This post has already been read 900 times!
In this article (Italian), we have already discussed Continuous Integration and DLM. We described the main reasons for putting a database under source control and for testing our databases. In this article, we are going to discuss a real scenario of SQL Server unit testing with the tSQLt framework.
What Is Unit Testing
In computer programming, unit testing is a software testing method by which individual units are tested to determine if they are fit for use. With “units”, we mean portions of source code, sets of one or more modules together with the associated control data, usage, and operating procedures. The primary purpose of this approach is to find bugs and prevent regressions (Source: Wikipedia).

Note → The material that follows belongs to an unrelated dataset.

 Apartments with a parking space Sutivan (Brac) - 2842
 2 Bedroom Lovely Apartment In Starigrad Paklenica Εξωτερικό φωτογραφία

When speaking about programming, tests are a particular type of method (with attributes or naming conventions) that run “real” methods in order to verify the real methods' expected behaviors. Supposing to have a method called Power(x, y), a test could be a class method called Power_should_return_eight_when_x_is_two_and_y_is_three() that runs the Power(2, 3) method and expects 8 as the results. On the database side, a test could be a stored procedure called Power_should_return_eight_when_x_is_two_and_y_is_three that runs the udf_Power(x, y) function.
Why Unit Testing?
There are many benefits to performing tests. As described in the definition, unit testing is a practice by which we can prevent regressions and find bugs, so, we can fix these bugs as soon we are alerted they exist.
In my experience, our development team has raised the quality of our code (tests and code work together to achieve better code). Additionally, we have migrated from a serial approach to an evolutionary development one. We used to identify all the requirements before starting to implement features in order to get a detailed database design (which supports “every” case). We would then start development and finally deploy our application (serial). Now we are changing our code in a series of little releases rather than one big one (iterative, evolutionary). Thus, our code has become more flexible.
Executing tests allowed us to have a reliable deployment process, because many problems were caught during the test phase. Our customers experienced many great advantages using this technique. Additionally, creating tests has helped the code self-documentation, because we can understand better what a method is supposed to do in a functional point of view.
I would like to discuss two different real scenarios in which I have found unit testing strong and useful. I worked as a consultant in a company that implemented ERP solutions. One of my jobs was to fix problems found by the dev team during the development of a search feature in the application. A stored procedure was often the troublemaker. First, I'll describe how we started to put the procedure under unit tests; then I'll examine how we found the unit-testing process useful when refactoring the database.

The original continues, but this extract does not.